Porubiansky has cooked in Atlanta’s finest restaurants for the last two decades: He worked with Guenter Seeger for twelve years, has been in Quatrano and Harrison’s employment for nine years, and in the mid-2000s he even briefly led the kitchen at the Dining Room at the Ritz-Carlton Buckhead. But Porubiansky, who is 47, felt ready to try a new direction. Woodstock’s Century House Tavern, which opened last year, has been looking for a new chef during the last couple months, and Porubiansky, who lives in Woodstock, was asked if he had any ideas. He did. After a bit of negotiating, general manager and co-owner Jon Hayano offered Porubiansky partnership in the restaurant, where he will also be executive chef.

The new gig is six miles from his house (he and his wife have four children), a much easier commute than to Bacchanalia, obviously.
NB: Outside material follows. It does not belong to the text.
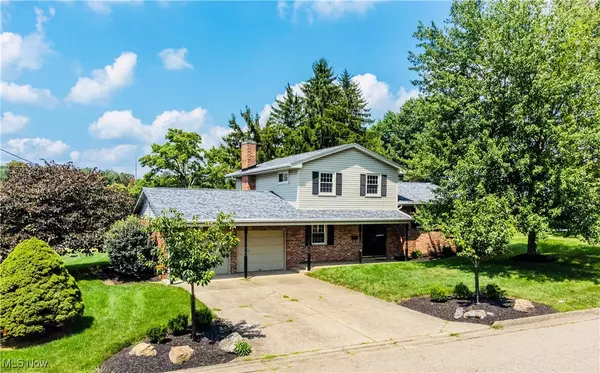 237 Harbel DR, St Clairsville, OH 43950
The restaurant, located in a restored historic building once known as the Hubbard House, is in the middle of Woodstock Downtown’s bustling renovated district (a few blocks from Vingenzo’s, one of our Top 50 restaurants) and is already popular with the locals.

This will be the first time that Porubiansky has a stake in the restaurant, a defining decision for the job change. He starts officially at the end of April, and plans to slowly tweak the menu—a mix of sandwiches and, on the dinner menu, entrees like braised lamb shank, chicken and dumplings, and risotto with Gulf shrimp and crab.

“Food-wise, I don’t think I’m ever going to bring a Bacchanalia or Seeger’s to Woodstock,” he says. “Century House Tavern is a casual place, but I can use fine-dining techniques and bring the products of local farmers into the restaurant. In every place I’ve been, the menu started with fantastic ingredients. What the restaurant does now is very good, and I think I can make it better. So I won’t be introducing foie gras and sweetbreads and truffles right away, but I don’t see why in two years I can’t. To begin, I’ll introduce weekend specials, and if a dish clicks with the customers, we’ll put it on the menu.”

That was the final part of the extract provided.